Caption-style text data
******************************
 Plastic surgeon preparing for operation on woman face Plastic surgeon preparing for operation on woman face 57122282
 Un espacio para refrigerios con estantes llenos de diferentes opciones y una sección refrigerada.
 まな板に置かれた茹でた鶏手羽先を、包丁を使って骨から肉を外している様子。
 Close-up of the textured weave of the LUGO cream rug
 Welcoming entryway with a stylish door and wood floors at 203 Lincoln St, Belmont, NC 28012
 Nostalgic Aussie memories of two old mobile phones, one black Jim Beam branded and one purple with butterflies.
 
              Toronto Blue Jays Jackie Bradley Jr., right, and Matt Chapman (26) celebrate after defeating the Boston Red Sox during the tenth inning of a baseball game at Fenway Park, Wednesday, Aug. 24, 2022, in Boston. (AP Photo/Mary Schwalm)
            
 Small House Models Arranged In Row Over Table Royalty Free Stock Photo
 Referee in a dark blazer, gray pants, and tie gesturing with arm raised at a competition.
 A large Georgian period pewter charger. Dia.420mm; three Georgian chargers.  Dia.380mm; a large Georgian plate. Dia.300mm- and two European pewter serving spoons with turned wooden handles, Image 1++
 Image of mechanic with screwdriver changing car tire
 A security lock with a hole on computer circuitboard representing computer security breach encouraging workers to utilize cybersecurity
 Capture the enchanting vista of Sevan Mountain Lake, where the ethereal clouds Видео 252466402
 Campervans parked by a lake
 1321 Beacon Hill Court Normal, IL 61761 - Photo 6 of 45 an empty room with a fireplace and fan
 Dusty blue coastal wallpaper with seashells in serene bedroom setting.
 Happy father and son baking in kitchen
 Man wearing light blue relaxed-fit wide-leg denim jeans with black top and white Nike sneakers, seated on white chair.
******************************
[Task details]
Show every line above in which the word "black" is found.

[Result of the exercise]
 Nostalgic Aussie memories of two old mobile phones, one black Jim Beam branded and one purple with butterflies.
 Man wearing light blue relaxed-fit wide-leg denim jeans with black top and white Nike sneakers, seated on white chair.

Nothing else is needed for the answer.